We are also starting to do a much better job of coordinating and intensifying our efforts to meet a larger share of our customers' needs through new Sales Councils in Canada and the One Harris initiative in the U.S., both of which promote a customer-focused dedication to cross-business referrals. In addition, I am personally spearheading a major drive to create a higher-performance work environment throughout the enterprise.

We have also, of course, ramped up revenue-boosting activities on a business-by-business basis. A good case in point is our response to market share pressure in consumer and commercial lending in Canada, which I will discuss in a moment.

SLIDE 7 - Strategic Allocation of Capital

Our heightened focus on growing revenues is reflected in our strategic approach to investing our capital. Each year, we allocate capital to all our lines of business based on our evaluation of the growth potential of each business relative to all our other businesses. This makes for a lively and very healthy competition for capital resources. Then we measure business performance relative to the capital invested, and re-allocate capital based on actual performance.

Given that our personal and commercial operations in Canada and the U.S. have a good track record for profitable growth and continue to demonstrate growth potential, we are allocating a large proportion of our capital to these core businesses.

And, with our Tier 1 capital ratio growing, we now have more capital to allocate to opportunities that will drive growth.

Our priorities for capital investments are organic business growth through, for example, increased credit utilization and new branch construction in Chicago; acquisitions; dividends; and a modest share buyback program, which we primarily use to offset dilution from the exercise of stock options.

BMO's 5% quarterly dividend increase in February, following a 26% quarterly increase during fiscal 2004, ushered in our 13th consecutive year of dividend increases. The increases reflect this leadership team's confidence in our strong capital position, the quality of our earnings, and our ability to meet our targets.

SLIDE 8 - Ingrained Credit Culture & Superior Asset Quality

Leadership confidence also stems from our ingrained credit culture, a hallmark of BMO and a significant competitive advantage.

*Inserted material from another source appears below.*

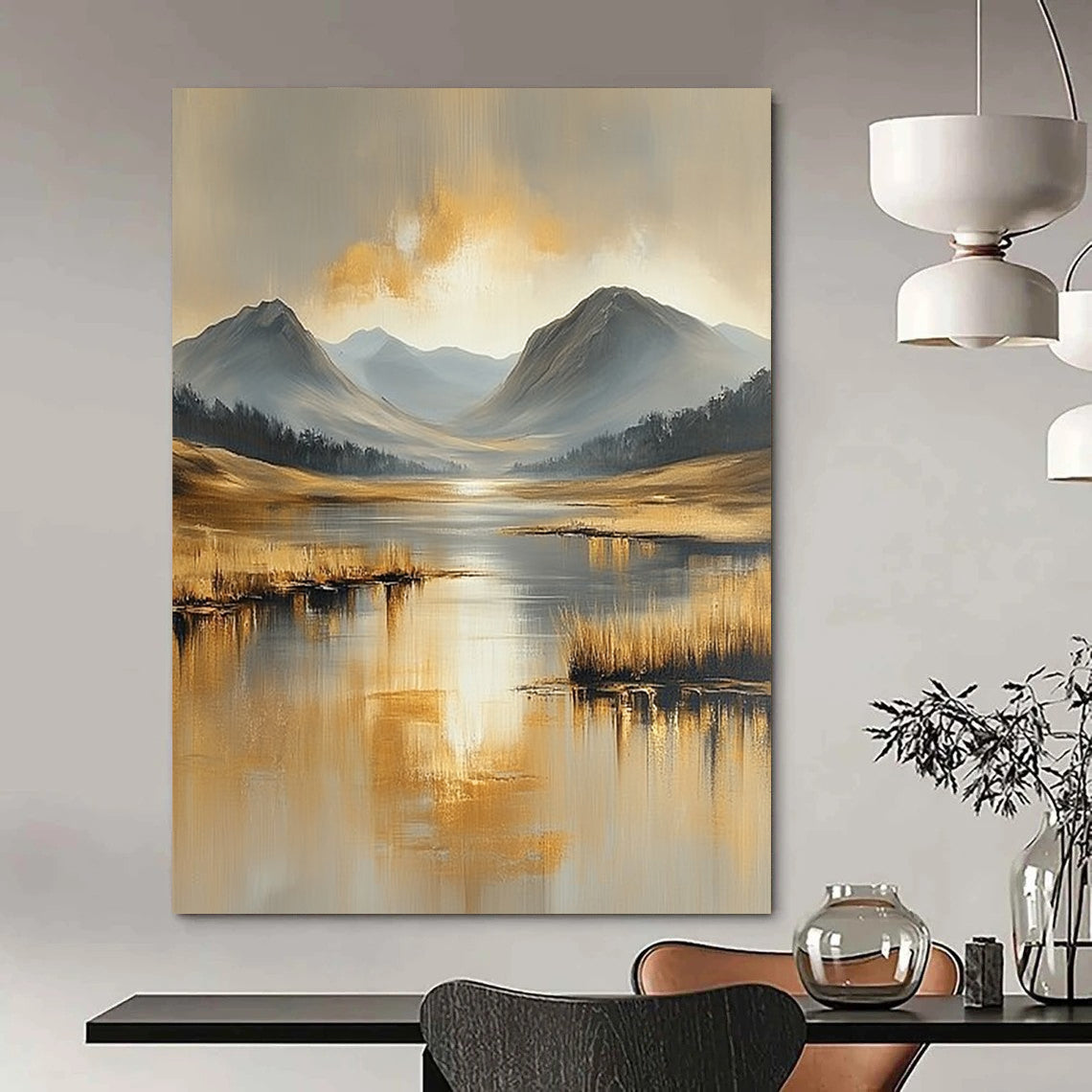 Contemporary abstract landscape painting featuring serene beige and gold tones, water reflections, distant mountains, and tranquil skies in heavy oil brush strokes. DLZ0410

Excellence in managing credit enables us to provide more predictable and consistent returns for shareholders over time than many of our peers. Our provision for credit losses has consistently been below the Canadian industry average for the past 15 years, and the trend line continues to be favorable.

BMO's superior asset quality results from the consistency of our lending practices throughout the credit cycle, our expertise and prudence in assessing credit risk, and the disciplined capabilities of our loan workout specialists in restructuring troubled transactions to preserve value and help viable enterprises recover.

SLIDE 9 - Credit Performance Drives Earnings Power

Strong and consistent credit performance underpins BMO's ongoing earnings capability and is a key differentiator in setting us apart from the competition. Highlighting this point, this slide shows how credit performance drove our earnings power over the full economic cycle from 1990 through 2004. BMO's net interest margin averaged 2.32% over this period, just above the Canadian peer group average. However, when the provision for credit losses and non-earning assets are excluded, BMO's margin averaged 2.53% — a strong #1 ranking over 15 years. And in any individual year we never ranked lower than #3 on this revealing measure.

SLIDE 10 - Leader in Corporate Governance and Financial Disclosure

Another management strength is corporate governance and financial disclosure.

The information we provided in our latest proxy circular on executive compensation, including pension obligations, was well above minimum requirements and exceeded the voluntary disclosure guidelines. We also provided more detailed information on our U.S. businesses in our first-quarter results, furthering our leadership in providing investors with information to increase their understanding of the underlying performance of all our businesses.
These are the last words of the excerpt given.